Including lighters, change, multitool, compass, tobacco, and a spyglass. Huzzah!


----------



## menu (Dec 12, 2009)

I usually sew pockets on my pants. like cargo pockets from retired pants or just random pockets I find. I keep my knives and multi-tool on my belt. I do want to get one of those utility belts(like the surplus ones) so I can carry more survival tools on my person.(like that? cop lingo) in any event, Lee, thats a lot of stuff to have in your pockets. that must weigh a lot. Im gonna get you suspenders!!! haha. jk


----------



## oldmanLee (Dec 13, 2009)

Too late on the suspenders!After almost 30 years of working with mechanical systems,and seeing all the possible ways things fall apart,I'm a confirmed belt AND suspenders traveler!Nothing spoils the mood of thumbing as having your trou drop on an onramp,especially if you are going commando.............


----------



## bote (Dec 13, 2009)

the pantless hitcher, probably not a very viable technique. 
I have money and a knife on me at the moment. There´s other stuff on my belt, but it´s early and I´m still in tea and toast mode.


----------



## wartomods (Dec 13, 2009)

a knive, a lighter, some few coins i might have, and not much more i think


----------



## Komjaunimas (Dec 13, 2009)

A wallet with no money, multitool, swiss army knife, pocket change, and flashlight... not much


----------



## menu (Dec 13, 2009)

oldmanLee said:


> Too late on the suspenders!After almost 30 years of working with mechanical systems,and seeing all the possible ways things fall apart,I'm a confirmed belt AND suspenders traveler!Nothing spoils the mood of thumbing as having your trou drop on an onramp,especially if you are going commando.............

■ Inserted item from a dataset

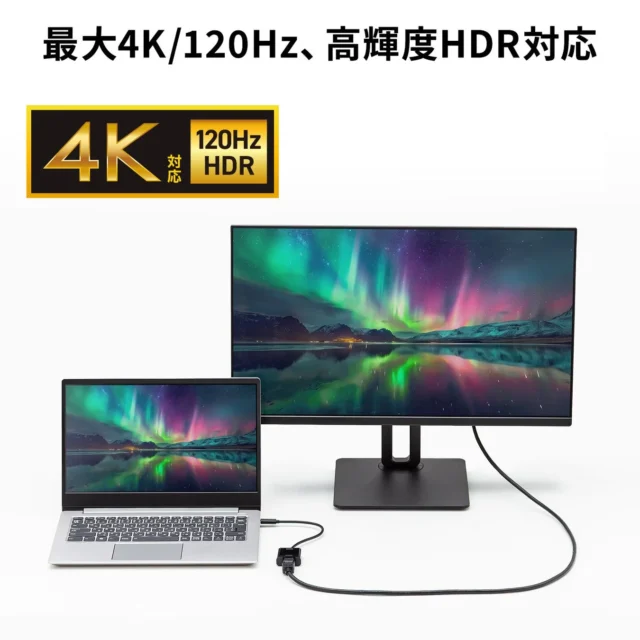 4K/120HzとHDRに対応した高精細な映像出力イメージ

hahaha. damn. that would be a sad thing to happen. my problem is having my pants start to fall when Im trying to catch on the fly. no fun at all. bu thats another reason why I try to wear only bibs. especially when riding


----------



## wartomods (Dec 13, 2009)

thats why i wear punk rock jeans, ahaha, not really


----------



## finn (Dec 13, 2009)

Haha I guess I'm a gear hound, but keep in mind some of this is in pouches on my belt: knife, multitool, flashlight, bandannas, earplugs, pens, sharpies, needle and thread, knife sharpener, emt shears, mirror, bic lighter, trench lighter, paracord, backup mini light, and postage stamps.


----------



## menu (Dec 13, 2009)

finn said:


> Haha I guess I'm a gear hound, but keep in mind some of this is in pouches on my belt: knife, multitool, flashlight, bandannas, earplugs, pens, sharpies, needle and thread, knife sharpener, emt shears, mirror, bic lighter, trench lighter, paracord, backup mini light, and postage stamps.



damn!! you're set. who needs a pack eh? haha


----------



## wildboy860 (Dec 13, 2009)

usually I have on my person; letherman multi tool, pocket knife, bic lighter on a military paracrod lighter leash with a ton of duct tape wraped around it, a small amount of cord, paper towels, plastic grocery bags, a bandanna, permanent marker with duct tape wrapped around it, a pen, note pad, key light, saftey pins, hair elastics, pipe, weed, elastic bands around my wrist and weed bag, in my wallet; some $ rolling papers, 2 condoms, scapel blade in side matchbook, and kleen canteen water bottle in my back pocket, some sorta travel food, to munch on. all this is in my pockets or on my belt. I usually wear cargos so I can hold all this shit.


----------